IDK
If there's an object that reflects light, it's going to bloom, EVEN IN REAL LIFE.
That's one thing i like about hdr, in particular halflife2 hdr.
Just go around and do something like compare a sun in the sky with clouds in halflife2 to the real sun in the sky with some clouds.
HDR in halflife2 is already superb.
Of course here with fs2 were messing with a smartshader that gives us fake hdr.
The only thing I would not ask to be hdr'd in fs2 is the HUD.
I need to use the hud durig gameplay, and can't stand it when i'm tracking a target behind a cargo ship, and the terran hdr'd engines hide everything out of sight until i get the freighter engines out of my face.
Besides that, everything else is awesome with the fake hdr anyway.

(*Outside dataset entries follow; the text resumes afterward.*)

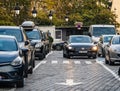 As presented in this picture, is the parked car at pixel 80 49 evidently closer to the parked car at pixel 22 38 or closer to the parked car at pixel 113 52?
the parked car at pixel 113 52

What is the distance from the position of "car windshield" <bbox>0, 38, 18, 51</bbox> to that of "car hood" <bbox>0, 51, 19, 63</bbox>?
717 mm

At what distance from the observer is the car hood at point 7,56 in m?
15.1

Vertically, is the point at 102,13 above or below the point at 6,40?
below

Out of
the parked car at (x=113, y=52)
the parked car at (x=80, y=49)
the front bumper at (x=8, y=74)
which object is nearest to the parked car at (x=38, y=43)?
the parked car at (x=80, y=49)

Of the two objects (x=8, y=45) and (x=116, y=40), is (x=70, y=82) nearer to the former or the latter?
(x=8, y=45)

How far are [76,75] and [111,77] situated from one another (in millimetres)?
1443

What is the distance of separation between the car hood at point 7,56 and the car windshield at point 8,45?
72 centimetres

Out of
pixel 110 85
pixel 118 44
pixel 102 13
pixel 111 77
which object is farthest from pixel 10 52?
pixel 102 13

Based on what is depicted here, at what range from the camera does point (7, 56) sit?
Result: 1540 cm

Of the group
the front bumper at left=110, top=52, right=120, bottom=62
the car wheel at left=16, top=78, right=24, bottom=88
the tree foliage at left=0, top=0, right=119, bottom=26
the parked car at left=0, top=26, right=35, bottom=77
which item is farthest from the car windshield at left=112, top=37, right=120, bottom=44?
the tree foliage at left=0, top=0, right=119, bottom=26

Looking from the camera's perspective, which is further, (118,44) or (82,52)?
(82,52)

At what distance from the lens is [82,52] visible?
109 feet

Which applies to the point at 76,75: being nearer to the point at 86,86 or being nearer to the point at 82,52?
the point at 86,86

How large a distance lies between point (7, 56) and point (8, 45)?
4.59ft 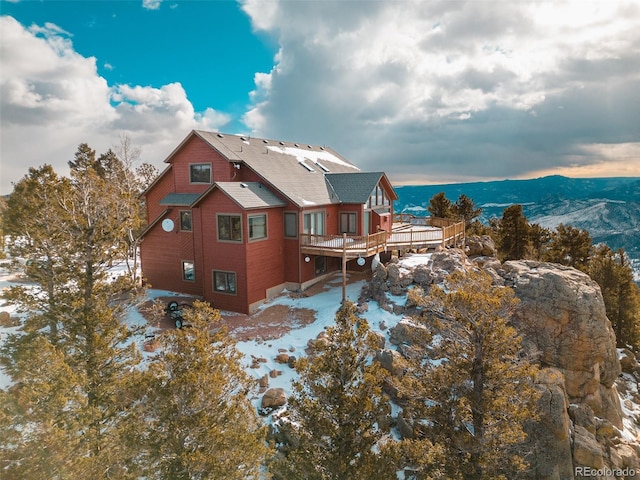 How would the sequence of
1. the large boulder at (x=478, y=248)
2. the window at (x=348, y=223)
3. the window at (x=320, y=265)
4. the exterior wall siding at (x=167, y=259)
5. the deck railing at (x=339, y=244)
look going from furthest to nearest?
the large boulder at (x=478, y=248) → the window at (x=348, y=223) → the window at (x=320, y=265) → the exterior wall siding at (x=167, y=259) → the deck railing at (x=339, y=244)

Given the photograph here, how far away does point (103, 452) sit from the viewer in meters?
8.59

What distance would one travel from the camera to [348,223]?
2633 cm

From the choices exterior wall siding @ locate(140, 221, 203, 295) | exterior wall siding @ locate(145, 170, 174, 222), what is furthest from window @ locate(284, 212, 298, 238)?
exterior wall siding @ locate(145, 170, 174, 222)

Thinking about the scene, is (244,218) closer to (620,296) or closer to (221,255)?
(221,255)

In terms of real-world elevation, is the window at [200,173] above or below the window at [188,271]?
above

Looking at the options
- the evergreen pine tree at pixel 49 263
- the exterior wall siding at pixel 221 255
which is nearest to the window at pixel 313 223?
the exterior wall siding at pixel 221 255

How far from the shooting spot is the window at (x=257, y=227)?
20531 mm

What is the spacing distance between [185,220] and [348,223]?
10.8 m

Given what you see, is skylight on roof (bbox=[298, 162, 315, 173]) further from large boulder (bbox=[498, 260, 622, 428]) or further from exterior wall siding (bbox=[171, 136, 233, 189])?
large boulder (bbox=[498, 260, 622, 428])

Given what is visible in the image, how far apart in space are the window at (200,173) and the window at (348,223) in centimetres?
927

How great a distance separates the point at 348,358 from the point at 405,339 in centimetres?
796

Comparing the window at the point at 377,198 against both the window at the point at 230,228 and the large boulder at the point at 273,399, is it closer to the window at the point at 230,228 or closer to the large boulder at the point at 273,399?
the window at the point at 230,228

The colossus is utterly horrible, but the new hecate with hdr is awesome, as well as all the other ships, besides, the colossus is getting replaced with an htl model that's being worked on.
Another thing is that hdr is supposed to simulate light coming into the eye, and how the eye reacts to levels of increasing light, and decreasing light.

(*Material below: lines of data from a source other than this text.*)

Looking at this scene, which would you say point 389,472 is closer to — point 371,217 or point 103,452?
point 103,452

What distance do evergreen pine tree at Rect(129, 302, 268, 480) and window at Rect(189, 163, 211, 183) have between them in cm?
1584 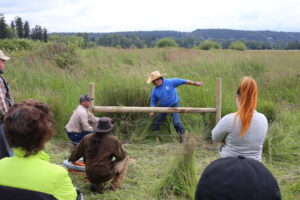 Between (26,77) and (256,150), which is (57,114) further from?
(256,150)

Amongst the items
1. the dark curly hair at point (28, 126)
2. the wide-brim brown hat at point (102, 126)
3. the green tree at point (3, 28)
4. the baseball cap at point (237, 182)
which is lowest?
the wide-brim brown hat at point (102, 126)

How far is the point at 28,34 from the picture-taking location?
28688 mm

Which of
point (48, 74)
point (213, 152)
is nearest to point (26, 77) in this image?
point (48, 74)

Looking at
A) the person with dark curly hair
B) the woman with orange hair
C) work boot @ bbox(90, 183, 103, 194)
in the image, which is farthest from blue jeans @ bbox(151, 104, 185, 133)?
the person with dark curly hair

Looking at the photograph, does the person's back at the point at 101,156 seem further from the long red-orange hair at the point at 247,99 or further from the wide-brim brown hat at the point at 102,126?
the long red-orange hair at the point at 247,99

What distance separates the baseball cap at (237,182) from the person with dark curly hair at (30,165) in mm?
828

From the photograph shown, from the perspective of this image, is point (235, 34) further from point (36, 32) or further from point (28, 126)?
point (28, 126)

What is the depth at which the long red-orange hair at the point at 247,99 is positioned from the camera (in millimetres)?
3232

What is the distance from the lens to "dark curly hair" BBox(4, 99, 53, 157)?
205 centimetres

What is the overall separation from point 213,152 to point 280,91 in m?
4.29

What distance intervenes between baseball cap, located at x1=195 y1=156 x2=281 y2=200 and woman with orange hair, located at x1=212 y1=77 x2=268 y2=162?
1628mm

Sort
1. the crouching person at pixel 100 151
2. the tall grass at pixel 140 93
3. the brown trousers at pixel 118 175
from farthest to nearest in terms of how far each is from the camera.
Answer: the tall grass at pixel 140 93, the brown trousers at pixel 118 175, the crouching person at pixel 100 151

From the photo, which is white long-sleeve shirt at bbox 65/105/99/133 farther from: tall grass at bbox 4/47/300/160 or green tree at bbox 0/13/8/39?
green tree at bbox 0/13/8/39

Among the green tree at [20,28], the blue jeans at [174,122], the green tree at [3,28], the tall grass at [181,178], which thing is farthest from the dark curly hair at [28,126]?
the green tree at [20,28] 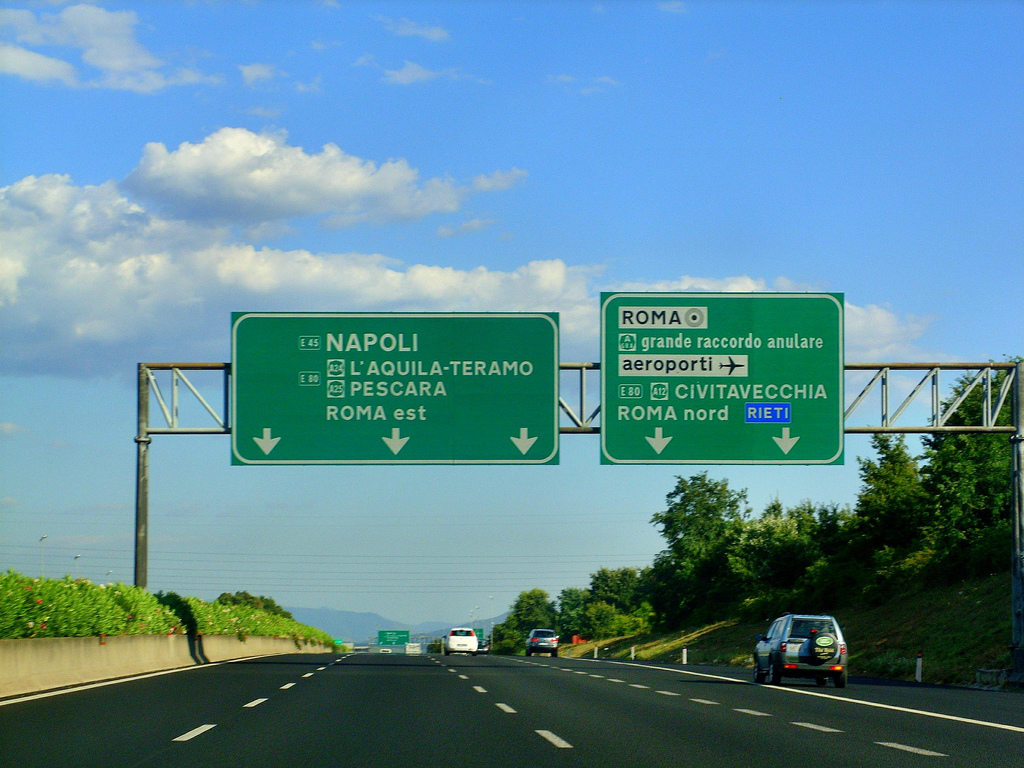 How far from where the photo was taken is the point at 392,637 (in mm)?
175250

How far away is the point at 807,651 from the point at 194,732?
18.3 metres

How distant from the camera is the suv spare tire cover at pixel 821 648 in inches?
1150

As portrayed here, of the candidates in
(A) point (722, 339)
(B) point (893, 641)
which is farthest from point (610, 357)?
(B) point (893, 641)

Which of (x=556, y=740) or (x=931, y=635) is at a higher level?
(x=556, y=740)

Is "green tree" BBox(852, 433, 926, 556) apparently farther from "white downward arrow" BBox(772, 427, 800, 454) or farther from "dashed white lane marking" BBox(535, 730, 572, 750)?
"dashed white lane marking" BBox(535, 730, 572, 750)

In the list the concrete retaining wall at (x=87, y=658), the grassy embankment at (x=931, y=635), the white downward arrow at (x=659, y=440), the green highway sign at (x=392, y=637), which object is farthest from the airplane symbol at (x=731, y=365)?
the green highway sign at (x=392, y=637)

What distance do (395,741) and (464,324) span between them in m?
16.9

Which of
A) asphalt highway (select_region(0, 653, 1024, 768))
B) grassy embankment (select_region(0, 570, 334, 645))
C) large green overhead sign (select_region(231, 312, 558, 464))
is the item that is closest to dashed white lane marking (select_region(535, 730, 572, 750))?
asphalt highway (select_region(0, 653, 1024, 768))

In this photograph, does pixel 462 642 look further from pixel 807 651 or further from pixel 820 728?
pixel 820 728

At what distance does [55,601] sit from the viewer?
24.2 metres

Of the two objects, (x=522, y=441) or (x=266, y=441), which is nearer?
(x=266, y=441)

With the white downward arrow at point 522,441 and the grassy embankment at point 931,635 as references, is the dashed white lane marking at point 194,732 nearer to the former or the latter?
the white downward arrow at point 522,441

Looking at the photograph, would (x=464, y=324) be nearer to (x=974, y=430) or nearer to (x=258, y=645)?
(x=974, y=430)

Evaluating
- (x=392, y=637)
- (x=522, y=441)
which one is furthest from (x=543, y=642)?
(x=392, y=637) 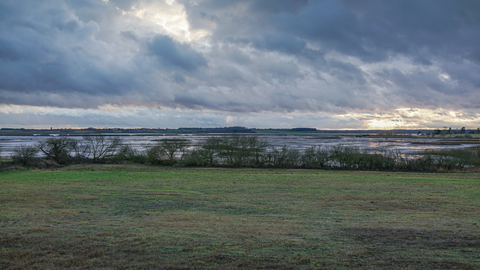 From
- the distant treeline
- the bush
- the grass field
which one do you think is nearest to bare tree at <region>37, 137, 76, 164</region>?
the distant treeline

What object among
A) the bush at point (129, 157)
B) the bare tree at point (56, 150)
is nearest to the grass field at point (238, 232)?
the bare tree at point (56, 150)

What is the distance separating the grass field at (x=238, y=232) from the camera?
21.6 ft

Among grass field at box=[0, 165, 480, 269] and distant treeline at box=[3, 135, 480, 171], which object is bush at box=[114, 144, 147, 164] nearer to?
distant treeline at box=[3, 135, 480, 171]

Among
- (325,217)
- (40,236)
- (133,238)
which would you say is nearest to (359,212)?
(325,217)

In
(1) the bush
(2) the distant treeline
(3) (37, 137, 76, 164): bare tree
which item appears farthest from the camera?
(1) the bush

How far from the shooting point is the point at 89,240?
802 centimetres

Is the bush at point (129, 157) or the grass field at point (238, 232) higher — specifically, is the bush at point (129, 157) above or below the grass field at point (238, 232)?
below

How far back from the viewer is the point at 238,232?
908 cm

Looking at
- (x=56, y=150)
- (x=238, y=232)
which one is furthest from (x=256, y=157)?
(x=238, y=232)

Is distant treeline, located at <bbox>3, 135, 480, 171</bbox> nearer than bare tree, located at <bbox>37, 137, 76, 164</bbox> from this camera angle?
Yes

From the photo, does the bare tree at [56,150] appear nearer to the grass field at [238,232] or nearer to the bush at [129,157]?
the bush at [129,157]

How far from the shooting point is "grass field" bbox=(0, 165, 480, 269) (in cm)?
659

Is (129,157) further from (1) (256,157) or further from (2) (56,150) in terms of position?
(1) (256,157)

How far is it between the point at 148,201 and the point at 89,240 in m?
7.45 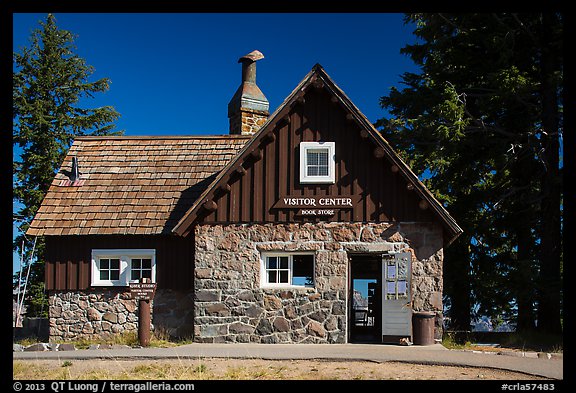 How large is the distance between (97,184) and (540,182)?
14.1 meters

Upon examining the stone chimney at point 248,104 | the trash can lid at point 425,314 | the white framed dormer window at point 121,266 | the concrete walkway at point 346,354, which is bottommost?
the concrete walkway at point 346,354

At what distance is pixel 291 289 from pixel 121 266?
4961 mm

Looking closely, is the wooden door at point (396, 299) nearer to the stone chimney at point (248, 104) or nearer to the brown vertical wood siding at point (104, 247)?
the brown vertical wood siding at point (104, 247)

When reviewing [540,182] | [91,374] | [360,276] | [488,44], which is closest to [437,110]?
[488,44]

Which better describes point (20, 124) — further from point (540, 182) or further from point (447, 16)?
point (540, 182)

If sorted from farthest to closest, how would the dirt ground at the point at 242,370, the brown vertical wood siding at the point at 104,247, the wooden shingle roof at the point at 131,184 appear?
1. the wooden shingle roof at the point at 131,184
2. the brown vertical wood siding at the point at 104,247
3. the dirt ground at the point at 242,370

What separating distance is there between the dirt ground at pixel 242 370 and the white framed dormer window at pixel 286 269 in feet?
13.4

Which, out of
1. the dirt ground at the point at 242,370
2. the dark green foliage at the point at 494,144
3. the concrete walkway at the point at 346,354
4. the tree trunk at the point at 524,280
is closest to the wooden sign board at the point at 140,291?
the concrete walkway at the point at 346,354

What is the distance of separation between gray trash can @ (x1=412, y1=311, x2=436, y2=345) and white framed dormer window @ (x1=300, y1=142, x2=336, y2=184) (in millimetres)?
4028

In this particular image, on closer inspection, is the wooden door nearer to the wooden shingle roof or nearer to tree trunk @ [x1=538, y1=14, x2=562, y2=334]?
tree trunk @ [x1=538, y1=14, x2=562, y2=334]

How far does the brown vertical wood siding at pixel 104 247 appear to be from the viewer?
1969 centimetres

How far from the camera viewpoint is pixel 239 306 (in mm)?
18344

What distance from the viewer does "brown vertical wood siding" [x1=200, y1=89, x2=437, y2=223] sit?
18266 mm

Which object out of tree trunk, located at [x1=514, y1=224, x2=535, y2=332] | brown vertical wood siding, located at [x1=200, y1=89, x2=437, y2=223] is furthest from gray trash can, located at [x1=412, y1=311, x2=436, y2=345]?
tree trunk, located at [x1=514, y1=224, x2=535, y2=332]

Like how things are unbearably bright coming out of a dark corridor on a sunny day.
Halflife2 hdr does this, HDRish smartshader does not.
HDRish simulates real light to a nice realistic extent, but it's static in the fact that it never changes say like halflife2 hdr.
Besides, light in space is interpretted differently down here under an atmosphere.
Out in space you don't have an atmosphere filtering UV rays, microwaves, etc.
In space you have the full potential of the sun's full range of light spectrum output to roast an astronaut not properly protected.
Basically when you're in a solar system, expect the sun to be bright as hell, unless your away from a star or something.
Speaking of nonsolar hdr, i wonder what HDRish is like in a mission that takes place inside a node?